Only the first line of the listing and the lines after it, up to and including the one containing "Photo: A heap", should be retyped exactly.
-- Opening Marker --
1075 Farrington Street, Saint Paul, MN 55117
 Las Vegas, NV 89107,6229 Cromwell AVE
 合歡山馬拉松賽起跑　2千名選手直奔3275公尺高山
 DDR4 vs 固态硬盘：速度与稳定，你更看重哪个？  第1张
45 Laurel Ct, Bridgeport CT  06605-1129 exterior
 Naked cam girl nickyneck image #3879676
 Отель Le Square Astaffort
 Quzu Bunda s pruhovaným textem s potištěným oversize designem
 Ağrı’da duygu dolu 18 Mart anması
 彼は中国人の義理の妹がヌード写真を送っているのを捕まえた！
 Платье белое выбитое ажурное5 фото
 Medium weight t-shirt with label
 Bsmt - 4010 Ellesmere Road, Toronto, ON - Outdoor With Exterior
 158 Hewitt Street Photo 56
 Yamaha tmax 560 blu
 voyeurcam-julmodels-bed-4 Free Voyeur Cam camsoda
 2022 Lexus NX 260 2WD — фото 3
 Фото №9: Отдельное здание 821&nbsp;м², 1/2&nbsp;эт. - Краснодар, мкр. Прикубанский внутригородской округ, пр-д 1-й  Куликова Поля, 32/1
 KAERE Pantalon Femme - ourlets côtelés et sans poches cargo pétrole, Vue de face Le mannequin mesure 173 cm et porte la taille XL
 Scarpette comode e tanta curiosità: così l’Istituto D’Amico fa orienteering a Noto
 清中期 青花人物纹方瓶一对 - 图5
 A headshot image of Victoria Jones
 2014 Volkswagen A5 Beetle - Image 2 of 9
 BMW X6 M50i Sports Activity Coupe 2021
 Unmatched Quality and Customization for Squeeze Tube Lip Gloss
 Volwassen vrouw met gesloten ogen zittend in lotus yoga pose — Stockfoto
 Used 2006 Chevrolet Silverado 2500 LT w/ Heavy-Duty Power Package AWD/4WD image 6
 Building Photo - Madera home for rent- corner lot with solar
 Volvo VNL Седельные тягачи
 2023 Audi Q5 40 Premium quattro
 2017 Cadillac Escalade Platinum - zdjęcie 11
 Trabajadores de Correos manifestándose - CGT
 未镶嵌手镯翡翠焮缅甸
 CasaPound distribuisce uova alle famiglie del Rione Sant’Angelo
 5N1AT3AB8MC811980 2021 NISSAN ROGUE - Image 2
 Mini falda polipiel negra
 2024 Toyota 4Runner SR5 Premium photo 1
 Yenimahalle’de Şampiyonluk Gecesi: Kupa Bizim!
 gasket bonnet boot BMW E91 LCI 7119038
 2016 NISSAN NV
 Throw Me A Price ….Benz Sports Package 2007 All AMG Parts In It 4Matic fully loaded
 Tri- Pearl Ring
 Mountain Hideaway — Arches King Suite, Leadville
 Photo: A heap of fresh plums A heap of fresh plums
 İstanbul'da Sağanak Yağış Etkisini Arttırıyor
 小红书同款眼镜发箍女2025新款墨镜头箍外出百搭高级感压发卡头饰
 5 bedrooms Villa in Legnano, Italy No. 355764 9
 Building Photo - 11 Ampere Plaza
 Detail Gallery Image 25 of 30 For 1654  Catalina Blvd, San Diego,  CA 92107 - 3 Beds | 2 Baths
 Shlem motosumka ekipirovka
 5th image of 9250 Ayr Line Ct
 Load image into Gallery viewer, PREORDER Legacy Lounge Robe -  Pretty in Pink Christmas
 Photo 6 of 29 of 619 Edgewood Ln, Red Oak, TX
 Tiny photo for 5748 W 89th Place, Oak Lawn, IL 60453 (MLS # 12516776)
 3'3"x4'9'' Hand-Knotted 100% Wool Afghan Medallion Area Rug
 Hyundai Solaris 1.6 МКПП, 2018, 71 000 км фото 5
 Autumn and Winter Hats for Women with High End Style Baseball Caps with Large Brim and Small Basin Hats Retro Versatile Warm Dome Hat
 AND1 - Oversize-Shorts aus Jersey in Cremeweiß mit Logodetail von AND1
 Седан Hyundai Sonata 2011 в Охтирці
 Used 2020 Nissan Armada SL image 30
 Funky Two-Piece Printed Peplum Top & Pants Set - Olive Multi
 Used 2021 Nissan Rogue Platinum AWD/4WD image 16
-- Closing Marker --
▸ ANSWER SECTION:
1075 Farrington Street, Saint Paul, MN 55117
 Las Vegas, NV 89107,6229 Cromwell AVE
 合歡山馬拉松賽起跑　2千名選手直奔3275公尺高山
 DDR4 vs 固态硬盘：速度与稳定，你更看重哪个？  第1张
45 Laurel Ct, Bridgeport CT  06605-1129 exterior
 Naked cam girl nickyneck image #3879676
 Отель Le Square Astaffort
 Quzu Bunda s pruhovaným textem s potištěným oversize designem
 Ağrı’da duygu dolu 18 Mart anması
 彼は中国人の義理の妹がヌード写真を送っているのを捕まえた！
 Платье белое выбитое ажурное5 фото
 Medium weight t-shirt with label
 Bsmt - 4010 Ellesmere Road, Toronto, ON - Outdoor With Exterior
 158 Hewitt Street Photo 56
 Yamaha tmax 560 blu
 voyeurcam-julmodels-bed-4 Free Voyeur Cam camsoda
 2022 Lexus NX 260 2WD — фото 3
 Фото №9: Отдельное здание 821&nbsp;м², 1/2&nbsp;эт. - Краснодар, мкр. Прикубанский внутригородской округ, пр-д 1-й  Куликова Поля, 32/1
 KAERE Pantalon Femme - ourlets côtelés et sans poches cargo pétrole, Vue de face Le mannequin mesure 173 cm et porte la taille XL
 Scarpette comode e tanta curiosità: così l’Istituto D’Amico fa orienteering a Noto
 清中期 青花人物纹方瓶一对 - 图5
 A headshot image of Victoria Jones
 2014 Volkswagen A5 Beetle - Image 2 of 9
 BMW X6 M50i Sports Activity Coupe 2021
 Unmatched Quality and Customization for Squeeze Tube Lip Gloss
 Volwassen vrouw met gesloten ogen zittend in lotus yoga pose — Stockfoto
 Used 2006 Chevrolet Silverado 2500 LT w/ Heavy-Duty Power Package AWD/4WD image 6
 Building Photo - Madera home for rent- corner lot with solar
 Volvo VNL Седельные тягачи
 2023 Audi Q5 40 Premium quattro
 2017 Cadillac Escalade Platinum - zdjęcie 11
 Trabajadores de Correos manifestándose - CGT
 未镶嵌手镯翡翠焮缅甸
 CasaPound distribuisce uova alle famiglie del Rione Sant’Angelo
 5N1AT3AB8MC811980 2021 NISSAN ROGUE - Image 2
 Mini falda polipiel negra
 2024 Toyota 4Runner SR5 Premium photo 1
 Yenimahalle’de Şampiyonluk Gecesi: Kupa Bizim!
 gasket bonnet boot BMW E91 LCI 7119038
 2016 NISSAN NV
 Throw Me A Price ….Benz Sports Package 2007 All AMG Parts In It 4Matic fully loaded
 Tri- Pearl Ring
 Mountain Hideaway — Arches King Suite, Leadville
 Photo: A heap of fresh plums A heap of fresh plums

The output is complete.